When we started getting credit for the things we did, I thought that was good, because the songs had a lot of personal meaning. Now, they’re just rapping and all that stuff…
You don’t like current hip-hop music?
I like Alicia Keyes. Mary J. Blige.
You like the ladies.
Well, yeeeah. Anthony Hamilton is also good. I like him too.
Who should really be called ‘Black Moses’: you, Harriet Tubman, or Marcus Garvey? There can’t be three, can there?
I got my name as ‘Black Moses’ from Dino Woodward, a pastor at Abyssinian Baptist Church in New York [and one-time Stax executive]. He called me Moses, and I said, ‘Hey, that’s sacrilegious, baby!’ But he just kept up with it, so I was like, ‘OK, I get it.’ I finally gave in.
For the cover photo of Juicy Fruit, did you and the six ladies go home after the shoot or did you stay in the pool and make fruit salad?
Those ladies split.
They didn’t stay and hang with you?
You know… [starts singing lines from ‘Juicy Fruit’] ‘Watching girls come and go, juicy fruit, jump suit…’ It was cool, but you know, they went home.
Did Barry White, may he rest in peace, ever thank you for giving him a career?
No. No, he didn’t thank me. We did an album together, though, because they wanted to call us the ‘Deep Throat Brothers.’
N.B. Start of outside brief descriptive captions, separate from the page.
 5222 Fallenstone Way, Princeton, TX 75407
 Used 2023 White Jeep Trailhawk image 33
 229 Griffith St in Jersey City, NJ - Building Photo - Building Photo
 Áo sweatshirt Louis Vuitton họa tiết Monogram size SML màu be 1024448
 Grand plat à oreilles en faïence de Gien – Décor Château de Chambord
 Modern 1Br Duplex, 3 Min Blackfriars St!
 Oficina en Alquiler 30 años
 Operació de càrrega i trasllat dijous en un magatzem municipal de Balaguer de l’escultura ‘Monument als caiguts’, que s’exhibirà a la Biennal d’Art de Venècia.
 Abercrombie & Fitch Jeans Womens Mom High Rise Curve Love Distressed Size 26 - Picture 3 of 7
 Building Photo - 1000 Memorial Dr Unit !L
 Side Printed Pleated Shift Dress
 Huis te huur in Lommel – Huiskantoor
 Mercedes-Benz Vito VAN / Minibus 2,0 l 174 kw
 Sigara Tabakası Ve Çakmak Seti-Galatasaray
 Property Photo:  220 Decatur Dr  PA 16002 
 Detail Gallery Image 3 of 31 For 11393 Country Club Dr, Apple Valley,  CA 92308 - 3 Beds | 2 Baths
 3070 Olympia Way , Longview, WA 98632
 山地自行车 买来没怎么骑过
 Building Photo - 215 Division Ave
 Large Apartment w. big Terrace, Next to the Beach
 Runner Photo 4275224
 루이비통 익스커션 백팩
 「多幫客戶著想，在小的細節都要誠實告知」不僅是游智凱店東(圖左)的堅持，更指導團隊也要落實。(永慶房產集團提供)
Does anyone understand you ‘cept your woman?
Just my woman. My fourth wife, Adjowa. The kids are something else—that’s a different kind of understanding.
What kind of special treatment do you receive when you visit Ghana?
In Ghana, I’m an honorary king there. They have a big parade. They feed me all kinds of good stuff. They gave me my own island! It takes about an hour to circumnavigate it. Don’t know what I want to call it yet. I was last there about two years ago.
Have you ever dated a Jewish girl?
Yeah, I’ve dated all kinds of girls.
Of course you have. I’m a Jewish girl.
Oh yeah?
Do you think if I went black I’d ever go back?
There were no complaints from my Jewish girls. So from my perspective, you wouldn’t be goin’ back. No way.